The following day, the Prince must have sex with every woman in the land in order to identify his beloved. By the time he reaches Cinderella's house, he is so exhausted that he must be brought in on a stretcher, and Cinderella must approach him cowgirl style. Recognizing "the snapper," the Prince declares Cinderella to be the girl he loves, and the two depart for the palace. On their way, they see that another angry mob has captured the Fairy Godmother and intend to execute him for burgling the royal palace. Cinderella quickly tells the Prince that the Fairy Godmother was the one who gave her her magical vagina, and the Prince halts the execution and offers the Fairy Godmother a royal pardon and a position in court. The Fairy Godmother jumps aboard their carriage and declares that the story has ended happily for all before settling back to watch Cinderella and her Prince have sex.

==Cast==
- Cheryl Smith as Cinderella
- Yana Nirvana as Drucella
- Marilyn Corwin as Marbella
- Jennifer Stace as Cinderella's Stepmother
- Sy Richardson as Fairy Godmother
- Brett Smiley as Prince
- Kirk Scott as Lord Chamberlain
- Boris Moris as King
- Pamela Stonebrook as Queen
- Frank Ray Perilli as Italian Ambassador

==Musical numbers==
This list is for the full uncut version.
1. "Cinderella" - Cinderella
2. "My Kingdom Won't Come" - The Prince
3. "Do It to Me" - Drucella, Marbella
4. "The Royal Ball" - Lord Chamberlain
5. "You Gotta Grab It" - Fairy Godmother, Cinderella
6. "It's so Hard to Find a Man" - Evil Stepmother (Deleted from some releases)

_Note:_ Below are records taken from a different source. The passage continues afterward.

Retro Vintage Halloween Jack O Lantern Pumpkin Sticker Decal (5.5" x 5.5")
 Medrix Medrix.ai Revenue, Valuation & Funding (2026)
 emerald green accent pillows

7. "Snapper" - The King, The Queen, Lord Chamberlain, Chorus
8. "Finale" - Chorus

==Edits==
- In the UK, in 1977, with the title, The Other Cinderella, the film was released by Alpha Films Ltd. after unspecified cuts had been made by the BBFC giving a run time of 86 minutes 37 seconds.

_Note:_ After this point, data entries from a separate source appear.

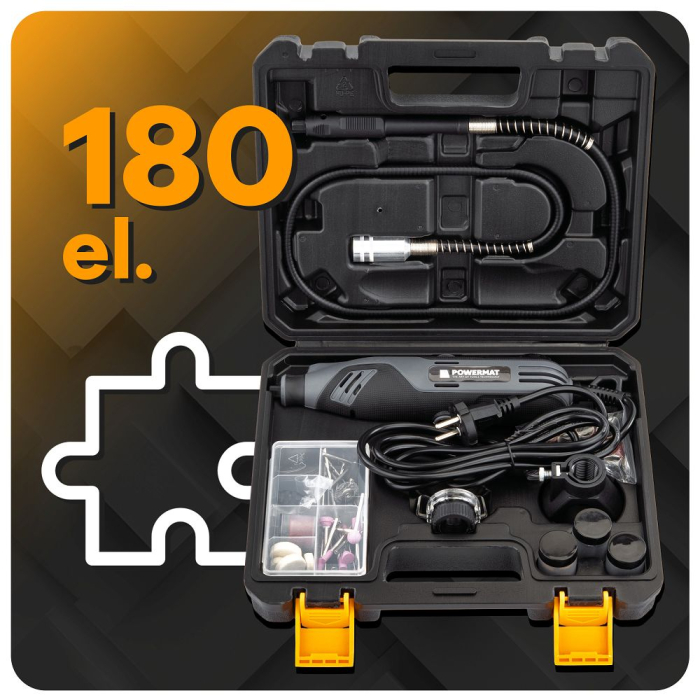 Mini slefuitor multifunctional 200W 35000rpm set 200 accesorii si ax flexibil PM1356 (PM-MST-200T) [20]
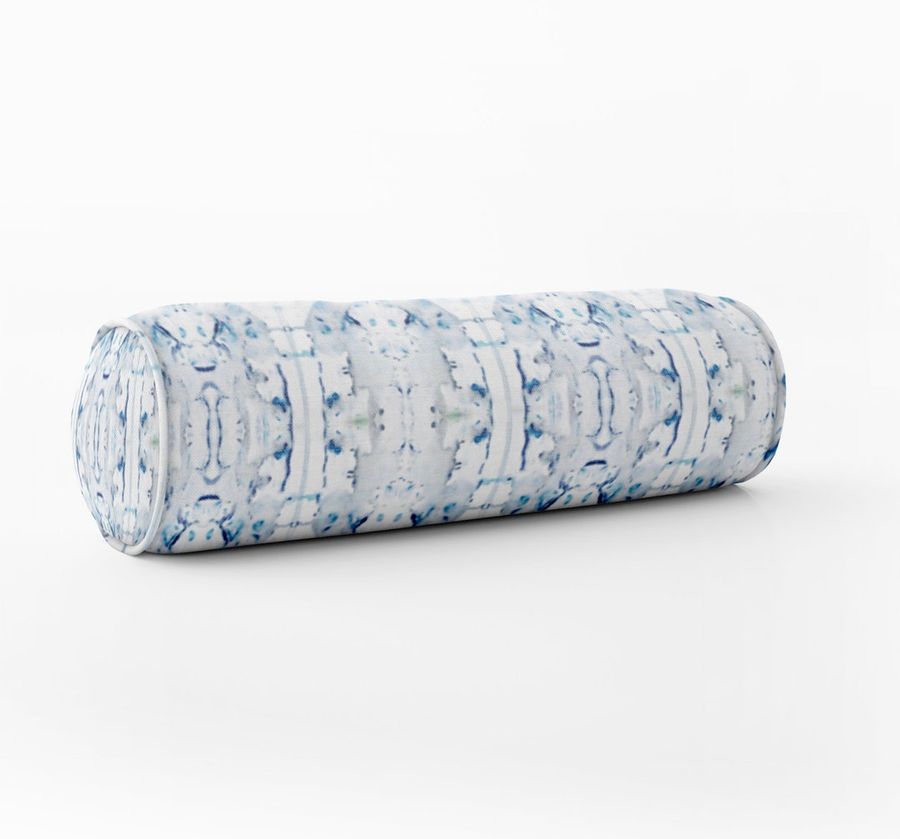 Blue Painterly Pillow Long Lumbar Pillow Bed Pillow Blue White - Etsy added by Spoak Member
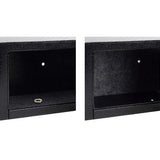 Elektroniskt värdeskåp 10L med kod och nyckel, svart stål 20x31x20 cm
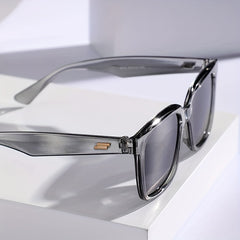 Square Frame Sunglasses Rivet Decor Glasses UV400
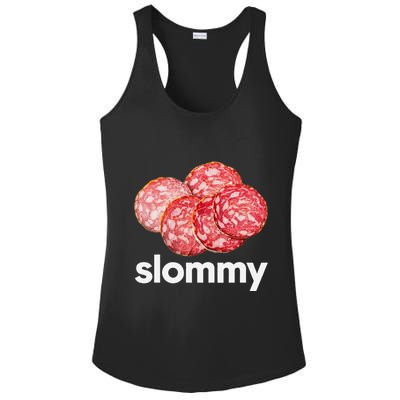 Slommy Salami Meme Oddly Specific Funny Memes Internet Memes Ladies PosiCharge Competitor Racerback Tank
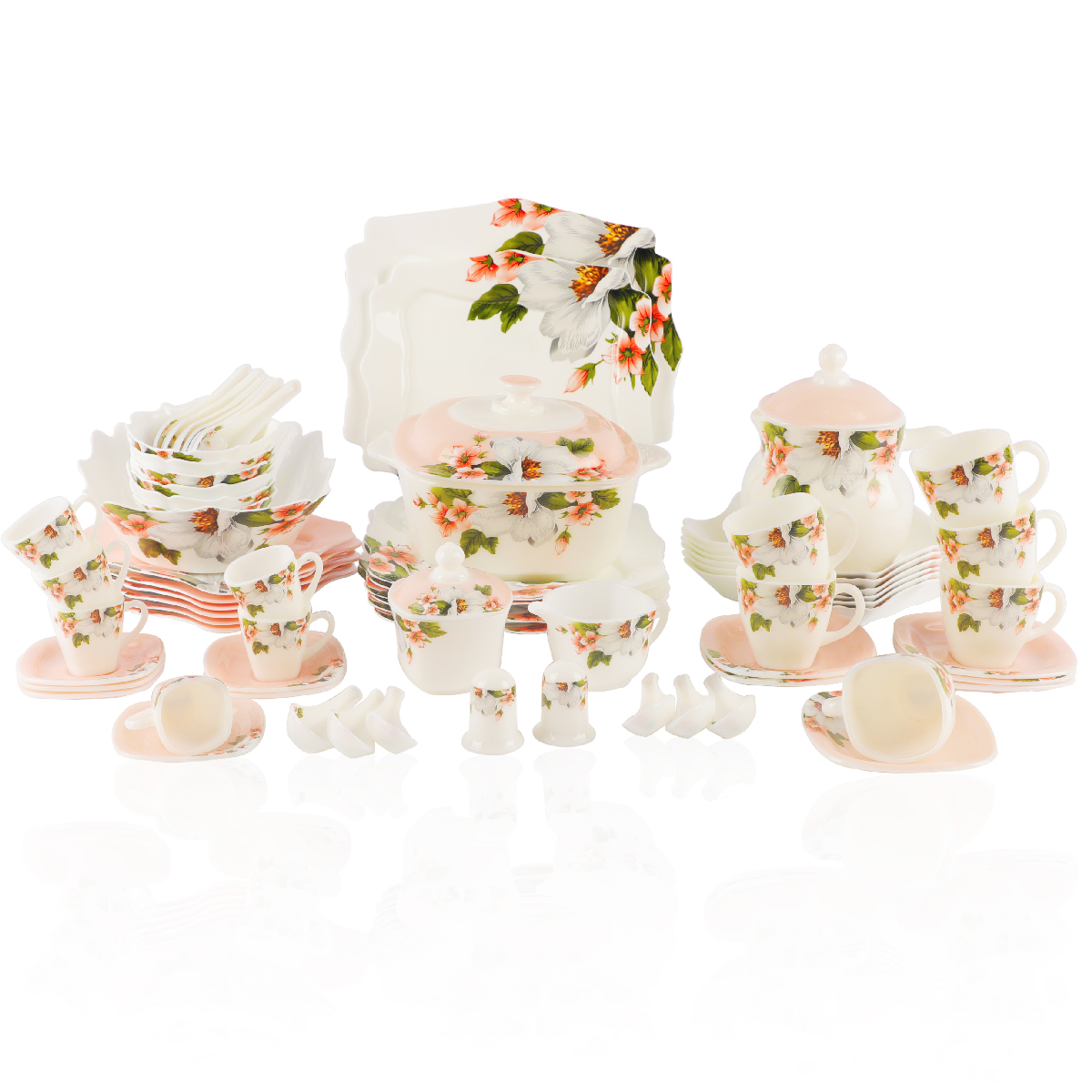 Vintage Retro Arcopal Dinner Service Service De Table. 4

- In the UK, in 1990, a video version was released by Hustler Video Ltd.
- In Germany, in 2013, with the title, Cinderellas Unmoralische Abenteuer, Donau Film released a DVD with a quoted run time of 90 minutes.
- In the UK, the film's cinema poster was required to contain the warning "Positively not to be confused with any other film with a similar title".